Why bring in the NSA?

by Kevin D. Freeman on April 5, 2011

When we first posted about the NASDAQ security breach on February 8th (NASDAQ Admits Hacker Attempts), there were many who seemingly doubted a national security connection. They viewed this attack as a hedge fund or someone attempting to gain information to make money. We had two major points:

1) Even if the attack was primarily for economic advantage, it exposed a serious vulnerability; and,

2) There is much more to the story than can be shared publicly. In fact, we knew it was a matter of national security.

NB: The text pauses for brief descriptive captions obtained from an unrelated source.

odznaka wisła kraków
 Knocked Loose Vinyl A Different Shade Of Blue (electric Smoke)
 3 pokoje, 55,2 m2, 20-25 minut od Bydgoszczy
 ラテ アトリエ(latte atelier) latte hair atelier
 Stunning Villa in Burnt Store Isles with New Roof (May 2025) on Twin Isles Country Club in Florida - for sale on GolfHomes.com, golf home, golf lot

Last week, Bloomberg broke a story that all but admitted the national security risks. It seems as if the NSA has been asked to investigate:

U.S. Spy Agency Is Said to Investigate Nasdaq Hacker Attack
Here are key quotes:


“By bringing in the NSA, that means they think they’re either dealing with a state-sponsored attack or it’s an extraordinarily capable criminal organization,” said Joel Brenner, former head of U.S. counterintelligence in the Bush and Obama administrations, now at the Washington offices of the law firm Cooley LLP.”

“Security dangers include the potential for intruders to alter trading algorithms and cause a market crash, according to Larry Dignan, who writes for ZDNet, a technology publication that’s a unit of CBS Interactive.”

“Brenner said intruders might do just as much damage by manipulating trading to create doubt about the validity of trades. More than 93 billion shares were traded on the Nasdaq exchange in the fourth quarter of 2010, equal to almost 20 percent of the U.S. equities market, according to the company’s final quarterly report to the Securities and Exchange Commission last year.”


All of this confirms reports we have been making for two years. This is a serious issue and we are working hard to help the National Security community understand the risks and prepare an appropriate response.